Authorities cite foreign link in Times Square Bomb Scare
Who planted the tricked-up SUV in the very section where Times Square narrows to a choke point, where Broadway meets up with 7th Avenue in the virtual center of Manhattan? The issue was muddied when the Pakistani Taliban said they were responsible, but the Pakistani government was quick to pour cold water on the Islamic militants’ claim. “We do not have any credible or verifiable information about Pakistani involvement at this stage,” said Farahnaz Ispahani, a presidential spokesman, “but we condemn terrorism anywhere and everywhere.”
The investigation into the Times Square car bomb has started to reveal information that suggests the failed attack was the work of an international plot, a senior administration official told the reporters.
The official could not definitively say whether a foreign conspiracy was behind the incident, but that the body of evidence was moving in that direction.
The administration’s assessment came after the White House for the first time clearly defined the attempted attack as an act of terrorism, without saying whether it was the work of a foreign or domestic plot.

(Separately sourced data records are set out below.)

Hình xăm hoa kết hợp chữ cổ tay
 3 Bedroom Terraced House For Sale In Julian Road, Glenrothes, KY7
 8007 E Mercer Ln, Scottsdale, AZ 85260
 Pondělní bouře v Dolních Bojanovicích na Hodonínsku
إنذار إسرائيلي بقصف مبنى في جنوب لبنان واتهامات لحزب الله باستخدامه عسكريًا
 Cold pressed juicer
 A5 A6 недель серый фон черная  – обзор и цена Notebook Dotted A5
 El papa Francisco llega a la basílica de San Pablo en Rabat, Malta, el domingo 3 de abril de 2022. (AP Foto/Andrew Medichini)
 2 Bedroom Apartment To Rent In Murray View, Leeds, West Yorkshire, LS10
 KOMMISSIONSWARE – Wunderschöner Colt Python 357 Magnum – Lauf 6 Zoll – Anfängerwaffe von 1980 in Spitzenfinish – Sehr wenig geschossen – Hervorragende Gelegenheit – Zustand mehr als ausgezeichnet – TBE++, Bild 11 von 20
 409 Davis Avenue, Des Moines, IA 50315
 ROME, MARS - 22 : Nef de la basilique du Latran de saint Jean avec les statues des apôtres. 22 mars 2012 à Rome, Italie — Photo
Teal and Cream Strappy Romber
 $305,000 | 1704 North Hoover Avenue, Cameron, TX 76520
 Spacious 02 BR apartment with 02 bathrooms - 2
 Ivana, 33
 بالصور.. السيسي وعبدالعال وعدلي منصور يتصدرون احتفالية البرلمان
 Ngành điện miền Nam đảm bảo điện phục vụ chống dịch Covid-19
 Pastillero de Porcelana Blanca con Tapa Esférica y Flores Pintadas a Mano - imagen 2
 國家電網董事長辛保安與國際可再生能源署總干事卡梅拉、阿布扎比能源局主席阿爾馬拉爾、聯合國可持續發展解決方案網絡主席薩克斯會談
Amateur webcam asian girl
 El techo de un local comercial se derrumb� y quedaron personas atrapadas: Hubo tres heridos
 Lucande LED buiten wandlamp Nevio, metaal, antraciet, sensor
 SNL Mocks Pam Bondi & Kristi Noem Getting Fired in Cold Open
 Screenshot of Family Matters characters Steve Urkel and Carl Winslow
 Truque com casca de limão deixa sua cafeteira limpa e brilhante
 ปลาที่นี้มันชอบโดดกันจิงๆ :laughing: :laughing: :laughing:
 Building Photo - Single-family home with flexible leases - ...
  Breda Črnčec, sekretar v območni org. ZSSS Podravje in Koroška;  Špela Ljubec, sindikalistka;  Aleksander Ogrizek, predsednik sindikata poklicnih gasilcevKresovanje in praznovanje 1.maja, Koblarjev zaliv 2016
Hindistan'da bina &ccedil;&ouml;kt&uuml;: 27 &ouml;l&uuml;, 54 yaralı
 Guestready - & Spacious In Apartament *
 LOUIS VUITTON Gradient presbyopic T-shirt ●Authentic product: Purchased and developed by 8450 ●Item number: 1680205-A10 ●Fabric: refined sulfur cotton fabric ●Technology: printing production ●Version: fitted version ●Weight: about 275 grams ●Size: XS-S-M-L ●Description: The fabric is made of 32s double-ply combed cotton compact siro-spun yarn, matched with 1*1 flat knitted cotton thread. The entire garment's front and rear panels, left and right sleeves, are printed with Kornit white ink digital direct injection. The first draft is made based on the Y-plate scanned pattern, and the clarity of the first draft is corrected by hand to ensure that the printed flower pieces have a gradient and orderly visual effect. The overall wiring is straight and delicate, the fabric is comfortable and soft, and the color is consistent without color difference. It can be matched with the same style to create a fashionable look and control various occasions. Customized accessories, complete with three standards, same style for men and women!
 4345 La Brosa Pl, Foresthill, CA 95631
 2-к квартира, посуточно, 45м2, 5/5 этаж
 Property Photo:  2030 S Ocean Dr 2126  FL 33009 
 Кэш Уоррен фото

Obama administration officials previously stopped short of declaring the incident terrorism.
New York Gov. David Paterson immediately called the attempted attack an “act of terrorism” after police were alerted to the bomb and cleared out Times Square Saturday night. But Attorney General Eric Holder on Monday said it was too early to officially designate the incident as terrorism.
Homeland Security Secretary Janet Napolitano, in several interviews since Sunday, has by turns described the incident as a potential or likely terrorist act, though she said investigators need to find out more about the origin of the plot.
The New York Police Department too seemed to have put the Taliban on the lower end of its list of suspects. Still, no one dismissed Islamic terrorists completely out of hand. After all, on Friday two New Yorkers were indicted on charges that they attempted to send computers and other supplies to help al-Qaeda modernize. And other reports pointed out that the crude bomb in Times Square seemed to resemble the car bombs that were defused in London in 2007 outside the Tiger Tiger nightclub. British authorities later arrested a number of Iraqis with alleged links to al-Qaeda over the incident, which was apparently part of larger bombing plots, including a fiery but abortive attack on Glasgow Airport.